Life isn't one big ball of endless happiness. Maybe some people are good at finding the beauty in every day, learning how to life each moment to the fullest, and seeing the bright side of every situation, but I'm not one of those people. Never have been.
I remember how funny I found it when one of my students described me as an optimist. Um, say that again? Me? Not what most people who met me at the age of 15 would have thought for sure. Perhaps it has something to do with the dramatic side of my nature, the artist that would be if given the chance and the motivation and the right connections.

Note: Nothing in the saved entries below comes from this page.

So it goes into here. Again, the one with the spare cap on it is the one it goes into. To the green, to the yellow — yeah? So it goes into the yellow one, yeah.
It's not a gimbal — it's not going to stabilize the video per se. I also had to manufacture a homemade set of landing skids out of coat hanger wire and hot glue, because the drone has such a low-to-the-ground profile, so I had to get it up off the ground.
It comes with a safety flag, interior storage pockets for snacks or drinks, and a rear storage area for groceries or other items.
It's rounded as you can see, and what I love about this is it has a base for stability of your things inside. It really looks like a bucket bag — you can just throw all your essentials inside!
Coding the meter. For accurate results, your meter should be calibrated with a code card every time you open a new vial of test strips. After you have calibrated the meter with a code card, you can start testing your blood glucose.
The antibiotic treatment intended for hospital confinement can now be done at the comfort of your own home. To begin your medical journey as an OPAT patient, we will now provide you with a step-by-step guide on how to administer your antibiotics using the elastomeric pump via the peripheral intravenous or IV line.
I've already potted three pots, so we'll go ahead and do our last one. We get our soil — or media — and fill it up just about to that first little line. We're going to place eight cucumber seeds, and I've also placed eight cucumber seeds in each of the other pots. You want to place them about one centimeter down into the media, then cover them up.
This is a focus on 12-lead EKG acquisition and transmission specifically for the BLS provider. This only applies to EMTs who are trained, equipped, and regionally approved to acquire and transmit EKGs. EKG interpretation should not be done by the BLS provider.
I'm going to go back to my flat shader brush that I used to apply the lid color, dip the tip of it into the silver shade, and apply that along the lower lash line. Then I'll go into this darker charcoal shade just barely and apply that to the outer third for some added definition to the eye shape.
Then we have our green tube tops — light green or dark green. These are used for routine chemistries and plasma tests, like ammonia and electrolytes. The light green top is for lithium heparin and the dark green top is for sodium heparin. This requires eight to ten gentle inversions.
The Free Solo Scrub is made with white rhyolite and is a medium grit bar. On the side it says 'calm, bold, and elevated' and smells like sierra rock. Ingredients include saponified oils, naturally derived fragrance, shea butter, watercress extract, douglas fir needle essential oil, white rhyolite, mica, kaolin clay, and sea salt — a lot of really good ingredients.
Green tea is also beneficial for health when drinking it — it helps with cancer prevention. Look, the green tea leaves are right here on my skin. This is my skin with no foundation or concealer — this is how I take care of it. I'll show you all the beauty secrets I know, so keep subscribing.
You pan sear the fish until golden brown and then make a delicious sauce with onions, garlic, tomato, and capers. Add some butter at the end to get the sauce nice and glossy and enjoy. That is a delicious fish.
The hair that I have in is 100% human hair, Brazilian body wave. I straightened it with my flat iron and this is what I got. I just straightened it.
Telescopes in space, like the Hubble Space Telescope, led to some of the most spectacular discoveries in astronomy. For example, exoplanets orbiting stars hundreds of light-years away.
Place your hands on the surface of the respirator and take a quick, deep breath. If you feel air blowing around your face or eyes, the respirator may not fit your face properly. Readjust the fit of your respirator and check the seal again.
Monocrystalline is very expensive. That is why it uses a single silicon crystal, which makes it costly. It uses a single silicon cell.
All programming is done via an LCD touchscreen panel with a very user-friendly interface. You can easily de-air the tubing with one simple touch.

It's been pointed out on more than one occasion, unfortunately by more than one person, that I'm good at...well...making excuses. That's not a pretty way to define it. Personally, I'd just say I'm good at rationalization, or at explaining the hows and whys of my life. If you don't think I have much to show for the years that have passed and the dreams that I've nurtured, take a look at my scrapbooks and photo albums. So my bank account is a weak point, I've still managed to see a sizable chunk of the world and to have accumulated a decent backlog of stories worth telling. And there comes that handy explanation. Why am I not a published novelist? I've been too busy getting out there and living. Some people find that to be an excuse. Well, let them. I really wouldn't trade the choices I've made for the ideals of someone else.
As usual, I've managed to get pretty far off topic. The point of this post was to say that, while it's easy for me to get bogged down in the mundane, trapped in the sameness and my personal disillusionment, there are those little moments that wake me up and remind me that there are bright spots in the world. And today I managed to have a bright sort of experience.
Moscow hasn't exactly figured out that it's Spring just yet. Sure, there are moments of shy surrender to the sun, but they're far too short lived for my taste. Having long been negatively effected by inclement weather, this lack of warmth and beauty has been wearing on me to say the least.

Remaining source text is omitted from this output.